**Data to use:**
┄┄┄┄┄┄┄┄┄┄

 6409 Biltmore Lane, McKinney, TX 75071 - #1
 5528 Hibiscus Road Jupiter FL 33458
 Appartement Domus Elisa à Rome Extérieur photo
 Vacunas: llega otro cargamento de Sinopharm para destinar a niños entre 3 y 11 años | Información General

┄┄┄┄┄┄┄┄┄┄

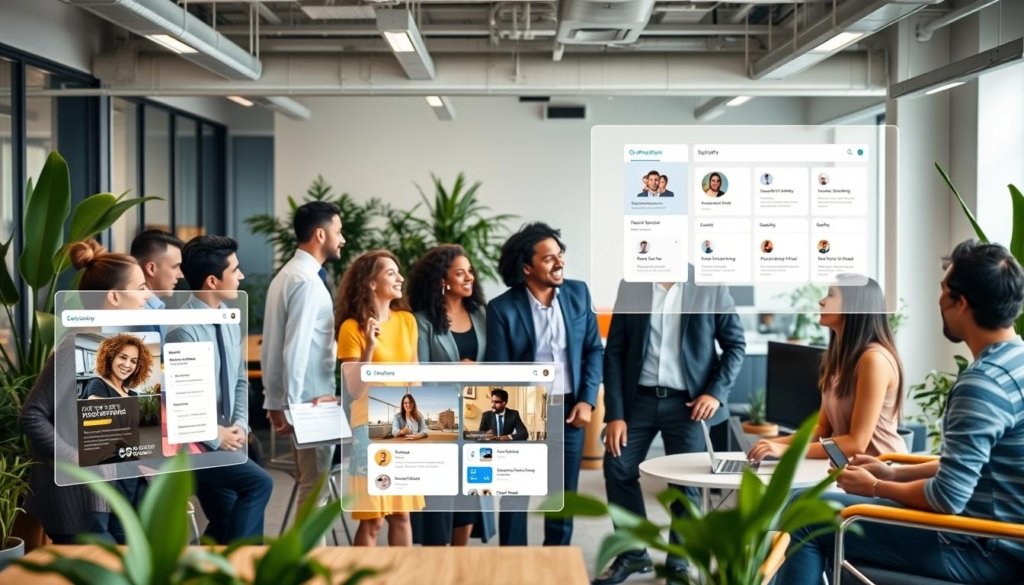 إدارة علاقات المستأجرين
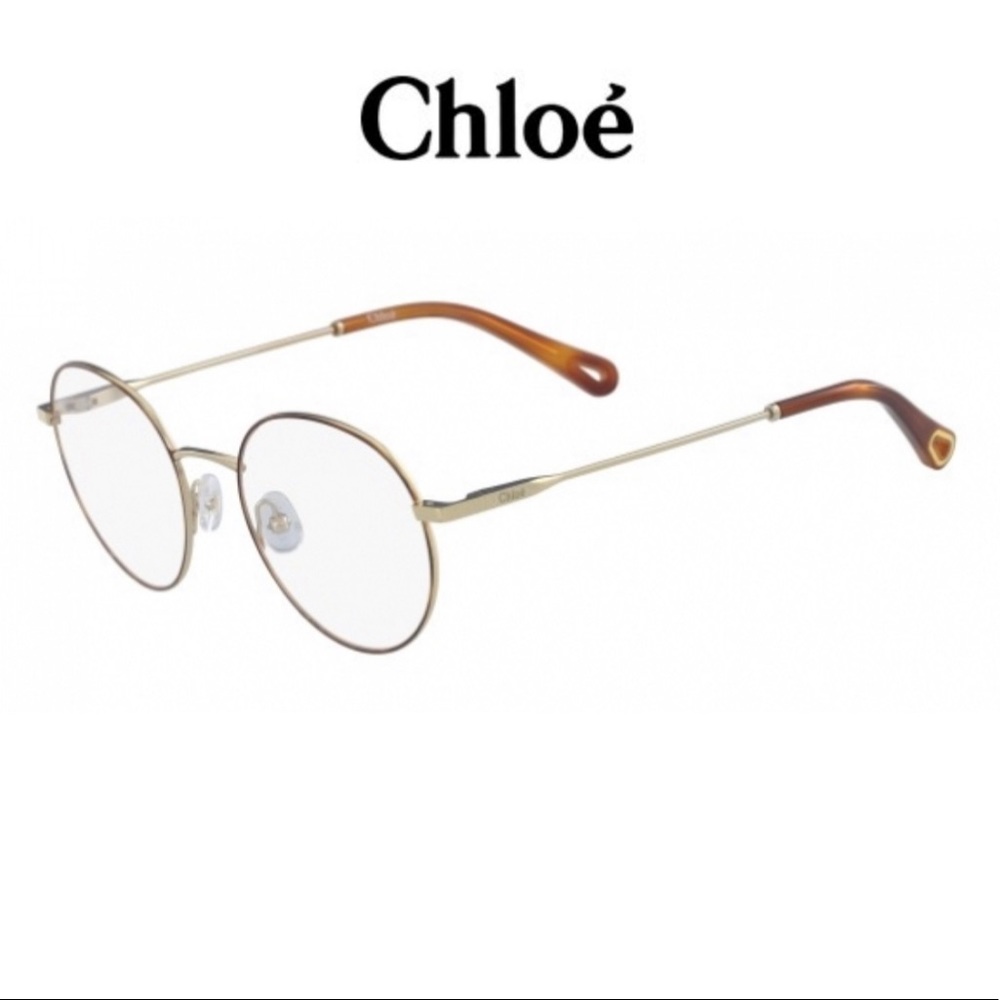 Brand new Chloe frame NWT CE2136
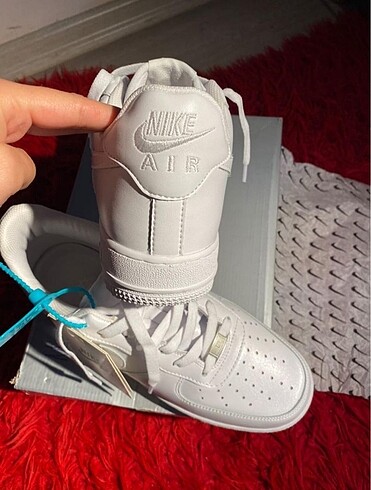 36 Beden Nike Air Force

┄┄┄┄┄┄┄┄┄┄

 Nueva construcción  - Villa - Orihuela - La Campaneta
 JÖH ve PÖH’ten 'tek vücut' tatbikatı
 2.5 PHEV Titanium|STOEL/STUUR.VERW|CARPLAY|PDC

┄┄┄┄┄┄┄┄┄┄

**What to do:** The range runs from the line with "JÖH ve PÖH’ten 'tek vücut' tatbikatı" up to and including the line with "2.5 PHEV Titanium|STOEL/STUUR.VERW|CARPLAY|PDC" in the listing above; please write out exactly those lines and nothing more.

**Expected output:**
 JÖH ve PÖH’ten 'tek vücut' tatbikatı
 2.5 PHEV Titanium|STOEL/STUUR.VERW|CARPLAY|PDC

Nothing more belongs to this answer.